Was da schiefgelaufen ist, stellt die Stadt sogar selbst fest in ihrer Stellungnahme zu einer Petition, die dringend die Anlage von Radwegen in der Antonienstraße forderte: „In Leipzig ist es das Ziel und gängige Verwaltungspraxis von Straßenplanungen und der Gestaltung ihres Querschnitts, dass die Verkehrsanlage allen Verkehrsarten gerecht wird und sie den städtebaulichen Randbedingungen und dem aktuellen Stand des Regelwerkes bzw. den gesetzlichen Vorgaben entspricht. Bei Straßenbaumaßnahmen wird dabei grundsätzlich auch die Möglichkeit der Radverkehrsförderung geprüft und wo möglich realisiert.“

Die Stellungnahme der Stadt zur Petition „Gerechte Verkehrsraumaufteilung in Leipzig“.

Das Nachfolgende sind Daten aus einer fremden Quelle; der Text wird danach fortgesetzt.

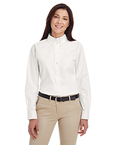 Ladies' Foundation 100% Cotton Long-Sleeve Twill Shirt with Teflon™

Das Problem ist dieses Wörtchen „wo möglich“. Denn wenn die Planer meinen, es sei nicht möglich, etwa weil die Leistungsfähigkeit der Straße dadurch eingeschränkt würde, passiert es einfach nicht. Dann gibt es – wie in diesem Fall – nur mal Tempo 30, damit die „mitschwimmenden“ Radfahrer nicht über den Haufen gefahren werden.

So ist der Adler nicht zukunftsfähig

Am 14. Juni war das Problem Thema im Stadtrat – die Linksfraktion hatte sich gemeldet und beantragt, dann wenigstens Vignetten auf die Fahrbahn zu bringen, wenn die Stadt in ihrer Stellungnahme zur Petition von Ariane Korn schon mit der Ausrede vorstellig wird, ihr Anliegen sei schon berücksichtigt mit einem Stadtratsbeschluss von 2020. Der behandelte damals ebenfalls einen Antrag der Linksfraktion – zur Anlage von Radwegen auf der Antonienstraße.

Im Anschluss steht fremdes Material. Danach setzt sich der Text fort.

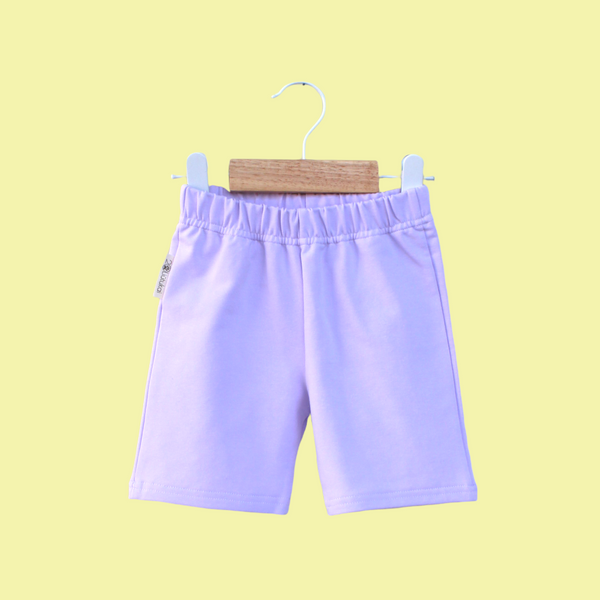 T-shirt & Shorts Set Pastel Lilac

Der Stadtratsbeschluss zu Radwegen in der Antonienstraße von 2020.

Umgesetzt ist davon aber nichts. Was die Linksfraktion nun nach Fertigstellung des Adlers ziemlich ratlos macht: „Derzeit befindet sich die Petition einer Leipziger Bürgerin im Ratsverfahren, in welcher diese die Umgestaltung der Verkehrsführung im Bereich der Tangente Antonienstraße über den Adler und den Schleußiger Weg fordert. Dort wurden im Rahmen der Komplexmaßnahme in den letzten zwei Jahren die Bahngleise und Autofahrspuren erneuert. Gesondert ausgezeichnete Radfahrstreifen sucht man allerdings vergeblich.“

Dabei hatte die Linksfraktion im Oktober 2020 extra einen Antrag für eine zusammenhängende Radverkehrsanlage auf der Antonienstraße/Rödelstraße/Schleußiger Weg eingereicht, der am 12. November desselben Jahres vom Leipziger Stadtrat auch unverändert beschlossen wurde.

Darin stand eindeutig: „Der Oberbürgermeister wird beauftragt, zusammenhängende Radverkehrsanlagen auf der Antonienstraße/Rödelstraße/Schleußiger Weg herzustellen. Alle Baumaßnahmen im Fahrbahnbereich sollen der Innerörtlichen Radverkehrsverbindung – Stufe III (vgl. VI-Ifo-08223) Rechnung tragen und im fertigen Zustand den Radverkehr sicher auf der Fahrbahn über die Knoten führen.“

Auf dem Papier gibt’s einen Radweg

Die Baumaßnahmen am Adler begannen im Mai 2021. Umso mehr zeigt sich die Fraktion Die Linke verwundert über die Stellungnahme der Verwaltung zur Petition, in welcher sie angibt, dass der Sachverhalt durch ebenjenen Antrag berücksichtigt sei.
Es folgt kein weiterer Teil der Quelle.